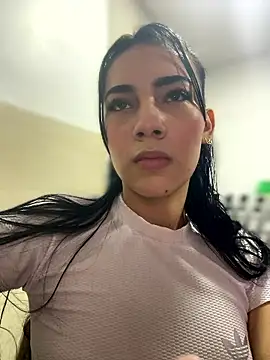 Aliison1  online show from January 17, 2026, 6:33 pm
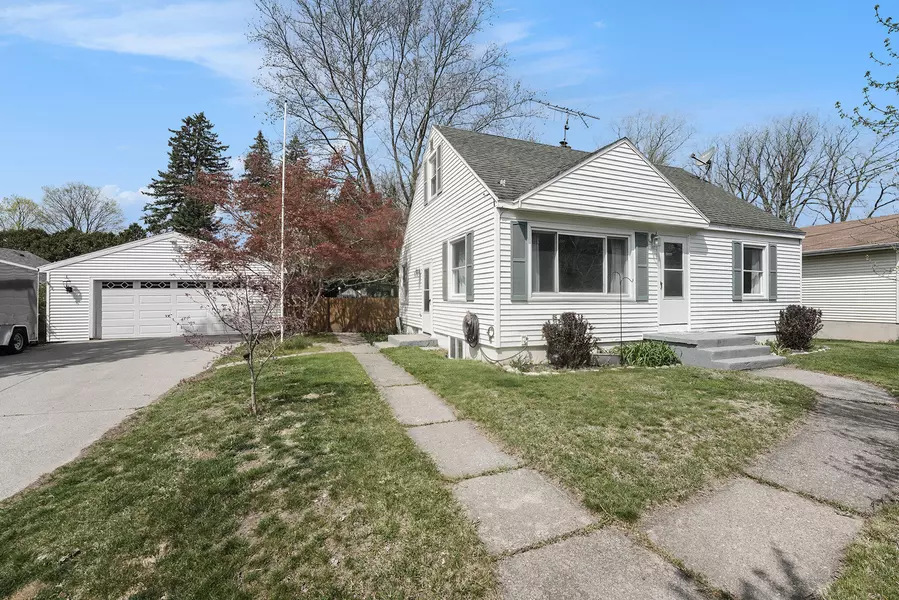 3645 Perry SW Avenue, Wyoming, MI 49519
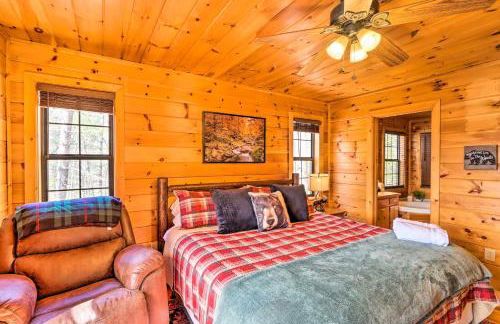 Cozy Cherry Log Cabin about 10 Mi to Mercier Orchards - Foto 12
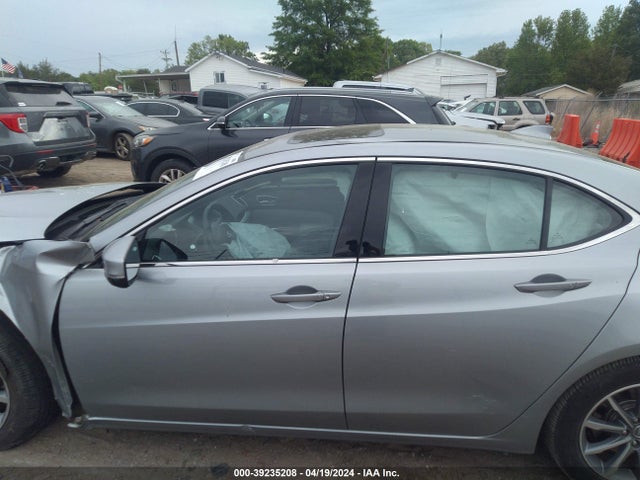 19UUB1F54JA010192 Acura Tlx Tech Pkg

━━━━━━━━━━━━━━━━━━━━━━━━━━━━━━

Could you write out verbatim only those lines that run from the line containing "3645 Perry SW Avenue, Wyoming, MI 49519" through the end of the listing above, both included, without the pictures?

*RESPONSE BOX*:
 3645 Perry SW Avenue, Wyoming, MI 49519
 Cozy Cherry Log Cabin about 10 Mi to Mercier Orchards - Foto 12
 19UUB1F54JA010192 Acura Tlx Tech Pkg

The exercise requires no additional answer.